Les Leucopholini présentent plus de genres en région afrotropicale (15) qu’en région orientale (12) ou paléarctique (8). Les Leucopholini sont particuliers aux régions tropicales et ne se retrouvent que dans cette zone en région afrotropicale avec 64 espèces. Seul le genre Eulepida (20 espèces) se retrouve dans les quatre sous-régions, avec toutefois un plus grand nombre d’espèces en sous-région orientale (9 espèces). Son centre d’origine est, sans doute, cette sous-région, avec une progression en Afrique australe (5 espèces), en Afrique centrale (3 espèces), puis de là en Afrique occidentale (3 espèces). Ce genre est absent d’Afrique du Sud, de Namibie et du Botswana. Il n’est aussi pas représenté dans la zone du Sahel ni dans la Corne de l’Afrique. Quatre genres sont endémiques à la sous-région orientale : Brachylepis (2 espèces), Cochliotis (3 espèces), Lepidomela (2 espèces) Kenyalepis (1 espèce) et Tanzanilepis (1 espèce). Neuf genres sont présents en Afrique orientale, 7 en Afrique centrale, 4 en Afrique australe et 4 en Afrique occidentale.

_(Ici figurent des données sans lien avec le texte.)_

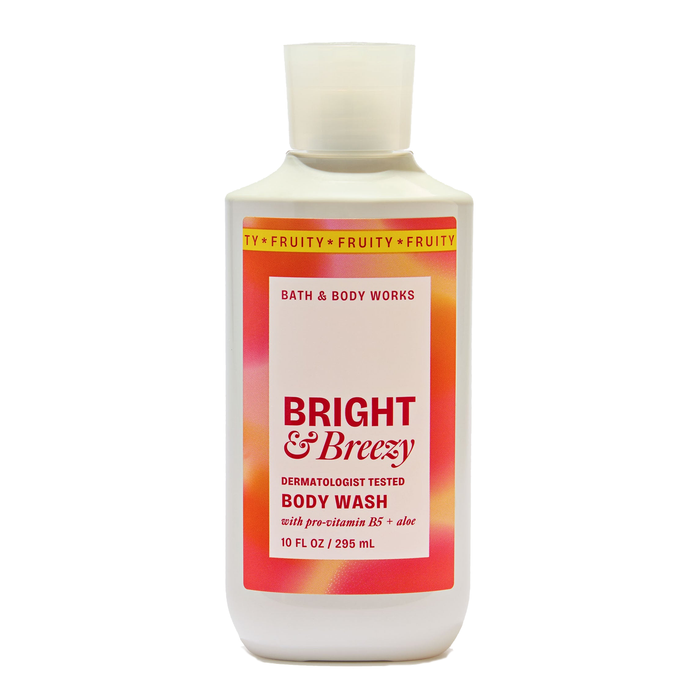 Bright & Breezy by Bath & Body Works 295ml Body Wash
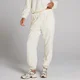 Pantaloni Sport Fleece MP pentru Femei - Pearl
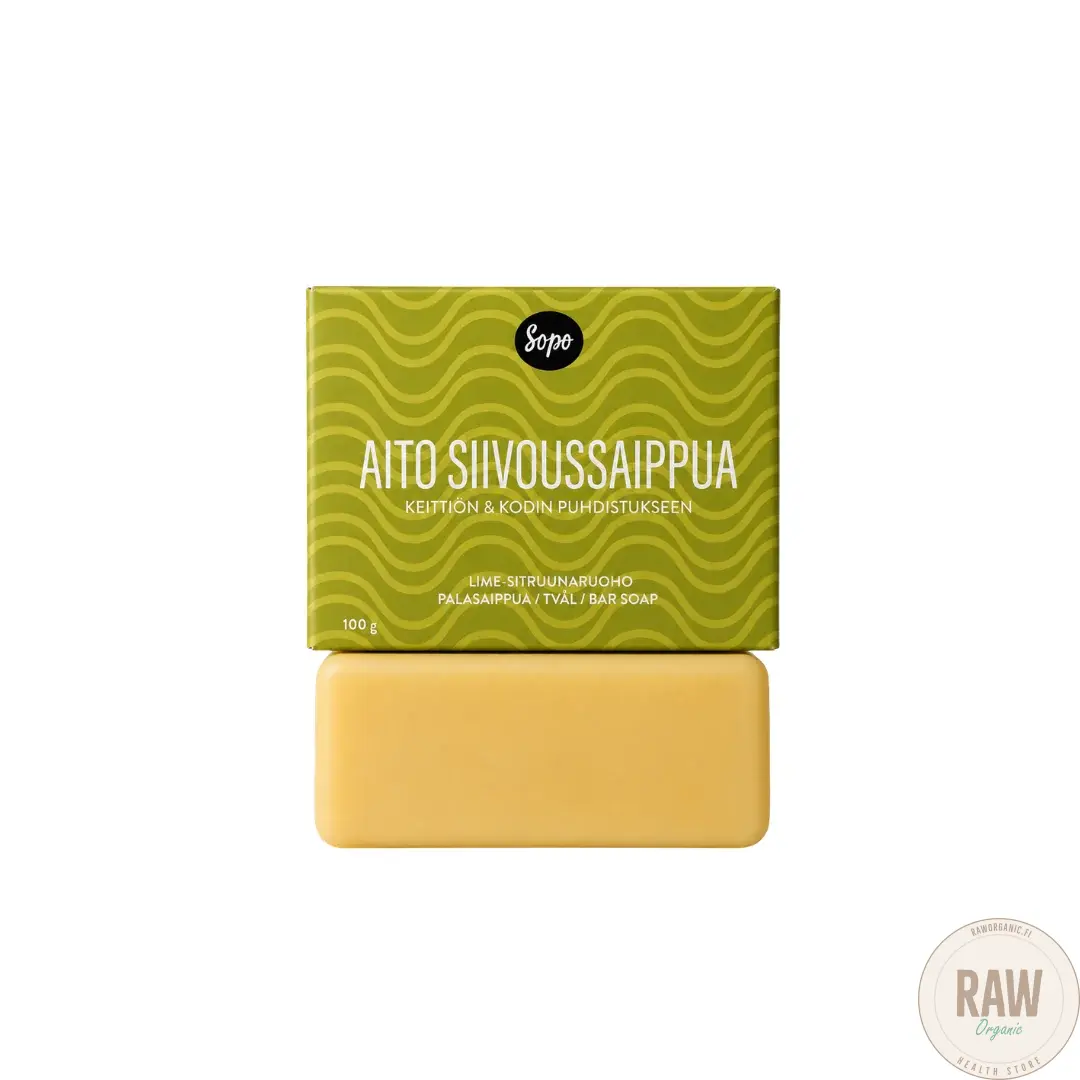 Siivoussaippua_sopo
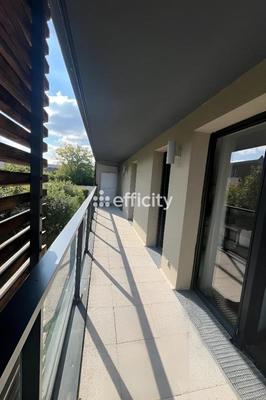 Appartement - 63 m² - 3 pièces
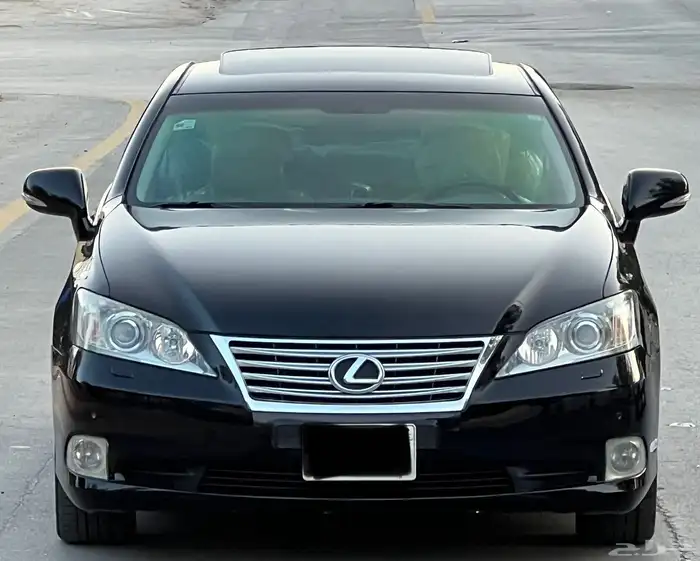 لكزس ES350 2012 فل سعودي 10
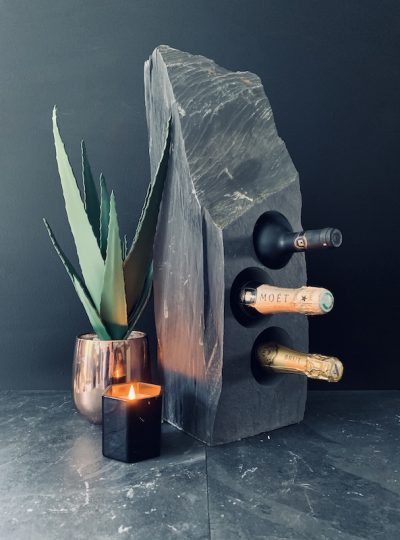 Slate Wine Rack 3SWR50
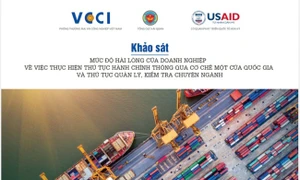 Tiếp tục lấy ý kiến doanh nghiệp về việc thực hiện thủ tục hành chính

Les Melolonthini avec 4 genres et 6 espèces comportent trois genres monospécifiques : Cochliotodes, Engistanoxia et Hoplosternodes. Le genre Ramilia (3 espèces) est avant tout présent en Afrique centrale avec une incursion en Afrique occidentale (Ghana). La progression de la tribu s’est faite depuis l’Est africain jusqu’en Afrique centrale. La tribu n’est pas connue d’Afrique australe. Si ce n’est pour le genre Ramilia, les espèces sont peu représentées dans les collections.
Les Rhizotrogini, trèe peu représentés dans la région afrotropicale, comprennent le genre Aethiaratrogus avec 1 espèce en Ethiopie, 2 espèces au Yémen et le genre Holotrichia avec 3 espèces (Sénégal, Afrique centrale).

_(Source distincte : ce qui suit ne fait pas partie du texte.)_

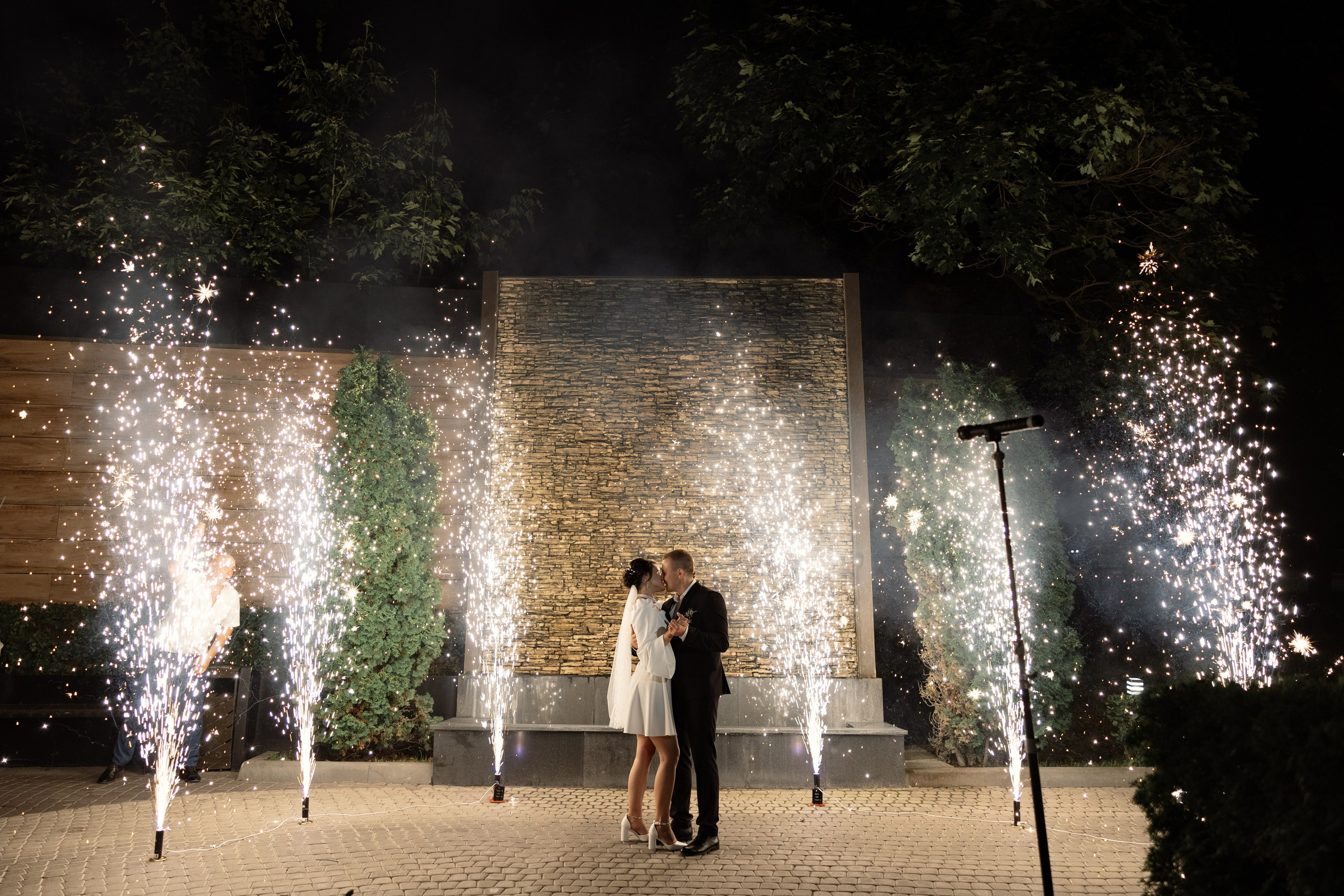 Даниил и Полина. Свадебный фотограф Курск Максим Ноздрачев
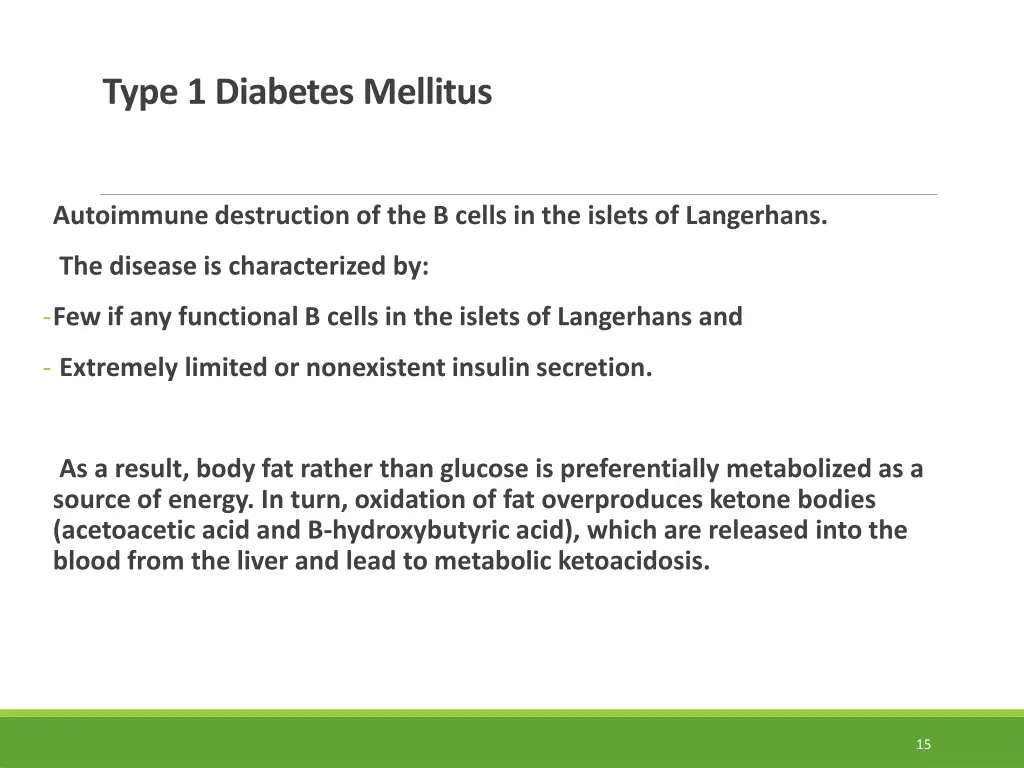 type 1 diabetes mellitus 1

Les Schizonychini (non compris dans cette étude), avec 39 genres et 466 espèces, représentent la majeure partie de la faune melolonthienne de la région afrotropicale. Le genre Schizonycha comprend à lui seul 349 espèces (75% du nombre total des espèces afrotropicales). Les genres monospécifiques sont au nombre de 18. Le genre Anartioschiza, avec 18 espèces, se trouve en Afrique centrale. Vingt-sept genres (dont 18 endémiques) sont présents en Afrique orientale. Par contre, la région occidentale, avec 4 genres, est pauvrement représentée.

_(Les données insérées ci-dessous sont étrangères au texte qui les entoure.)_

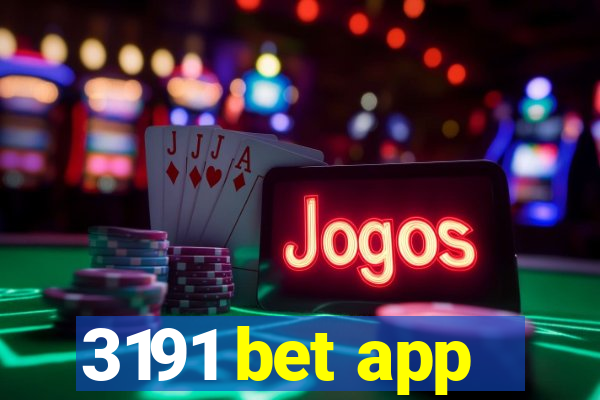 3191 bet app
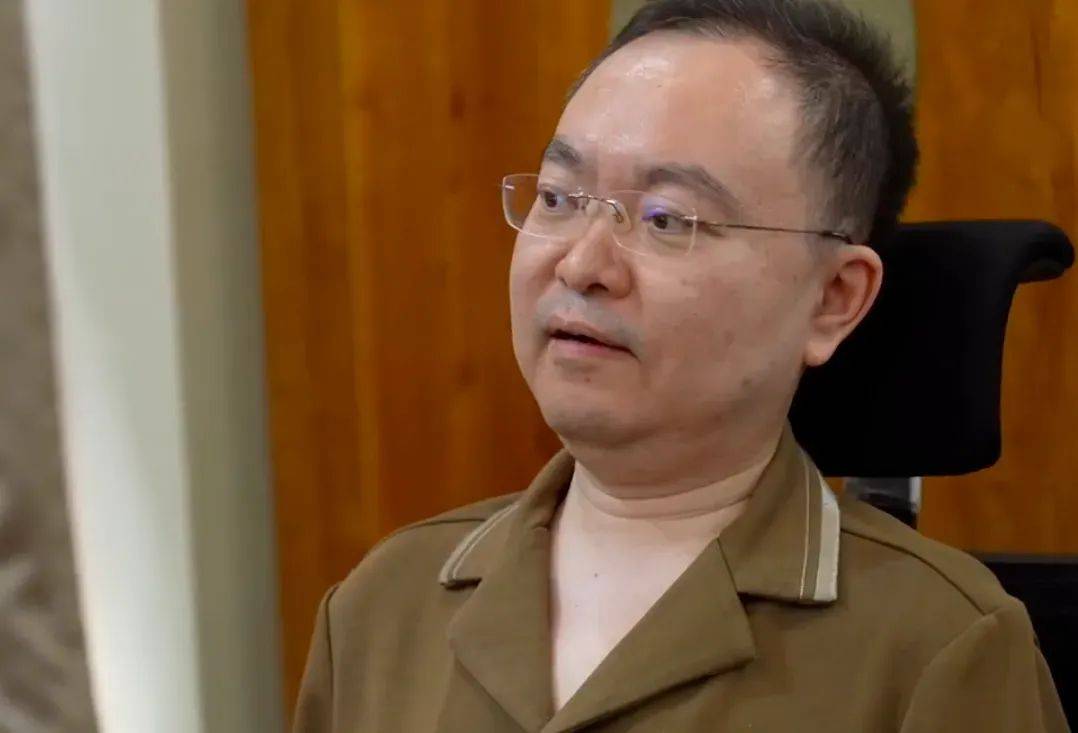 蔡磊：三年前绝望的患者，现在有些可以活下来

La région afrotropicale, bloc séparé de l’ancien Gondwana, à partir d’un ancien fonds composé de Diplotaxini, Leucopholini, Melolonthini et Prérhizotrogini, a développé une faune originale mais moins diversifiée qu’en région orientale et dont les principales composantes sont les Pegylini, groupe-frère des Leucopholini et les Schizonychini descendants d’une branche des Prérhizotrogini. Après le rétablissement d’un contact avec la région paléarctique, par le biais de la Péninsule arabique, ces mêmes Schizonychini ont progressé jusqu’en région orientale. Les Leucopholini ont profité des zones de forêt pour se propager. Par contre, les Melolonthini, plus récemment arrivés, se sont trouvés bloqués dans des niches sans possibilité de grande expansion. Les grands absents de cette faune sont les Rhizotrogini très nombreux en régions paléarctique et néarctique et les Enariini, endémiques malgaches.